Documenting the American South Logo
oral histories of the American South
Excerpt from Oral History Interview with Stetson Kennedy, May 11, 1990. Interview A-0354. Southern Oral History Program Collection (#4007) See Entire Interview >>

Need for activism was evident in civil rights South

Kennedy denies that he experienced an epiphany that inspired him to become a human rights advocate.
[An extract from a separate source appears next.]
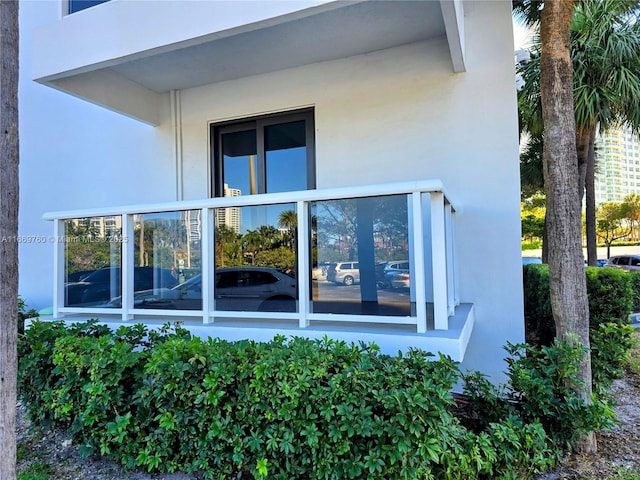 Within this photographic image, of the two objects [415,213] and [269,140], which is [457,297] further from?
[269,140]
He says that the South's rottenness was so obvious that it was natural to work to fix it.

Citing this Excerpt

Oral History Interview with Stetson Kennedy, May 11, 1990. Interview A-0354. Southern Oral History Program Collection (#4007) in the Southern Oral History Program Collection, Southern Historical Collection, Wilson Library, University of North Carolina at Chapel Hill.

Full Text of the Excerpt

But it seems to be that there's an important story to tell in terms of some of the personalities who were sort of the force majeure [major force] in each case in the whole scene of, I call it, softening up the South for righteousness, the '30s and '40s, which, really, we were looking for chinks in the wall, and doing what we could to widen them, and raising standards, and clearing air, in the hope that someday it would be possible to hit the streets.
JOHN EGERTON:
But why, though?
STETSON KENNEDY:
Why?
JOHN EGERTON:
Yeah, why were you thinking in those terms when you were just a 30 year old man in a land full of people who didn't think that way?
STETSON KENNEDY:
Well, even in high school, my classmates were saying to each other, "What got into Stet?" you know. So it happened early, whatever it was.
JOHN EGERTON:
Do you think you know what it was?
STETSON KENNEDY:
I think so. You know, with people asking me constantly, in retrospect, I'm aware that journalists especially want some magic key incident that turns you around, you know, and made a saint out of a sinner, or whatever [Laughter.] .
JOHN EGERTON:
Paul on the road to Damascus.
STETSON KENNEDY:
Although there were plenty of incidents, all of my senses, all of the time, were telling me that things were rotten in the South, throughout the South, in the world for that matter. Not only in terms of race and apartheid, but all manner of injustice. I was equally concerned with all manner, and race was just one of the most gross injustices we had going. So that my answer, don't ask me what was wrong with me, what was wrong with the rest of the state and South and nation and world that was engaged in that sort of oppression of one people over another.